== RECORDED INFORMATION ==

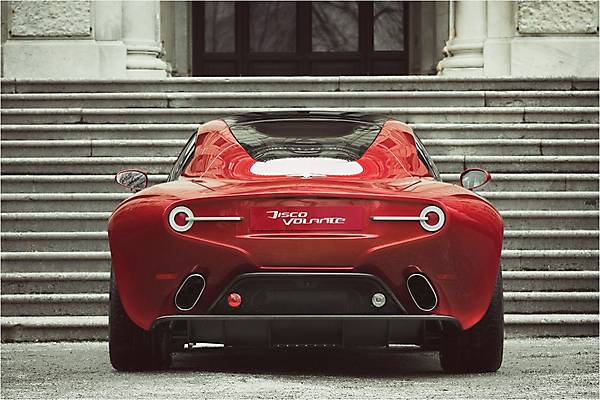 Видео Alfa Romeo Disco Volante Touring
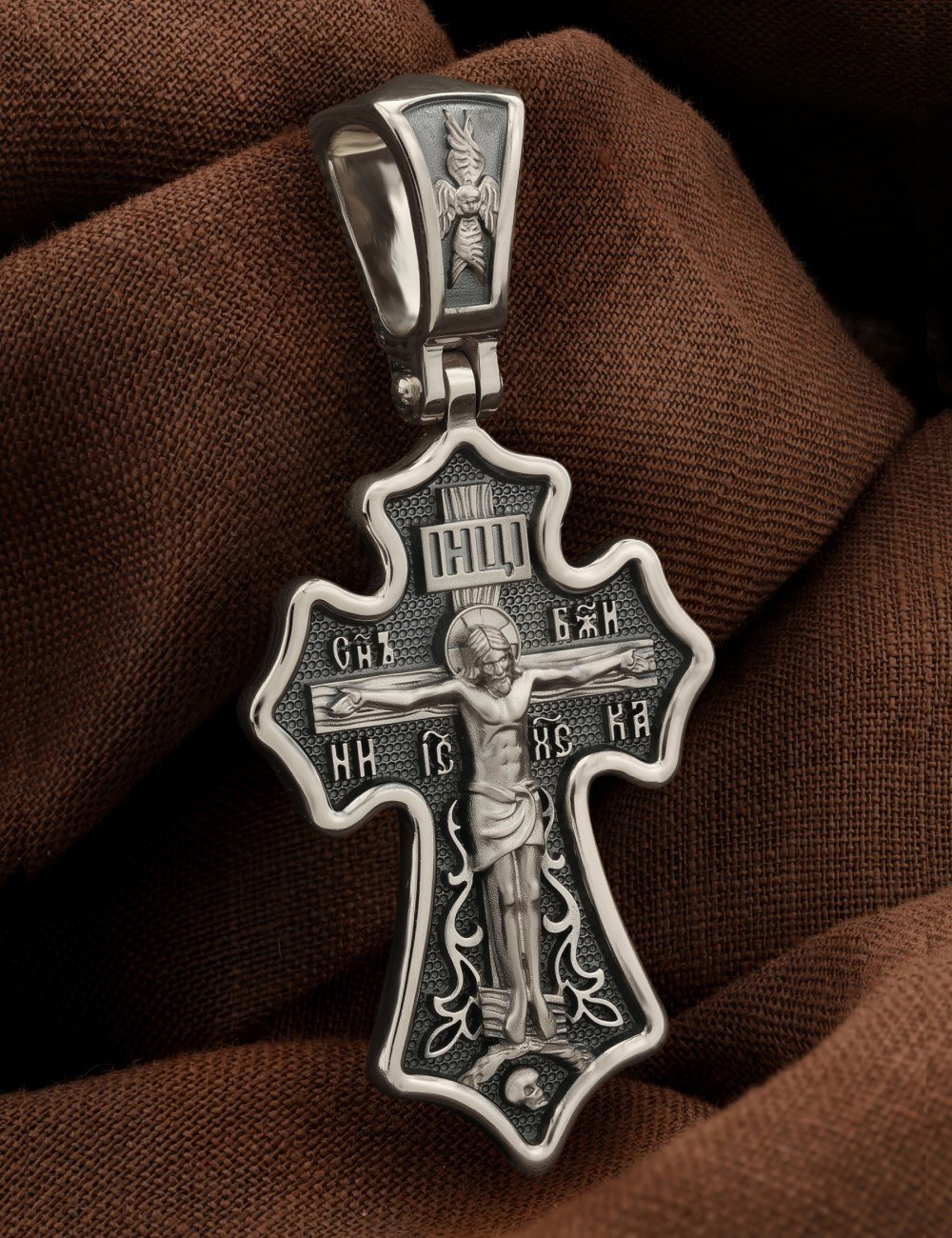 Крест из белого золота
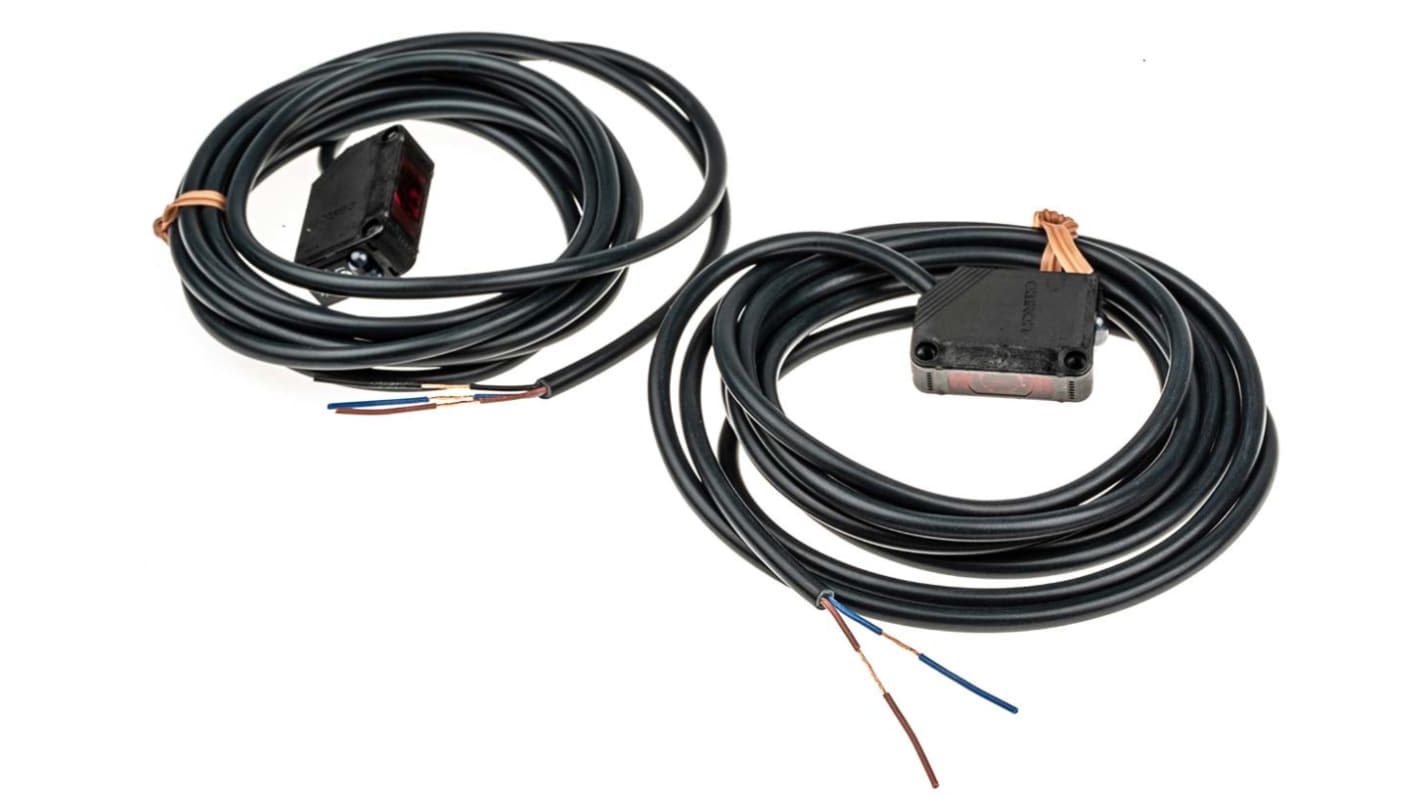 Omron E3Z Kubisch Optischer Sensor, Durchgangsstrahl, Bereich 10 m, PNP Ausgang, Anschlusskabel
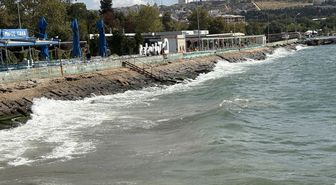 Tekirdağ'da poyraz iki gündür deniz ulaşımını olumsuz etkiliyor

===

**PROBLEM STATEMENT:**
Where the data includes pictures, leave them out and write out everything else exactly.

**OUTPUT OF THE EXERCISE:**
 Видео Alfa Romeo Disco Volante Touring
 Крест из белого золота
 Omron E3Z Kubisch Optischer Sensor, Durchgangsstrahl, Bereich 10 m, PNP Ausgang, Anschlusskabel
 Tekirdağ'da poyraz iki gündür deniz ulaşımını olumsuz etkiliyor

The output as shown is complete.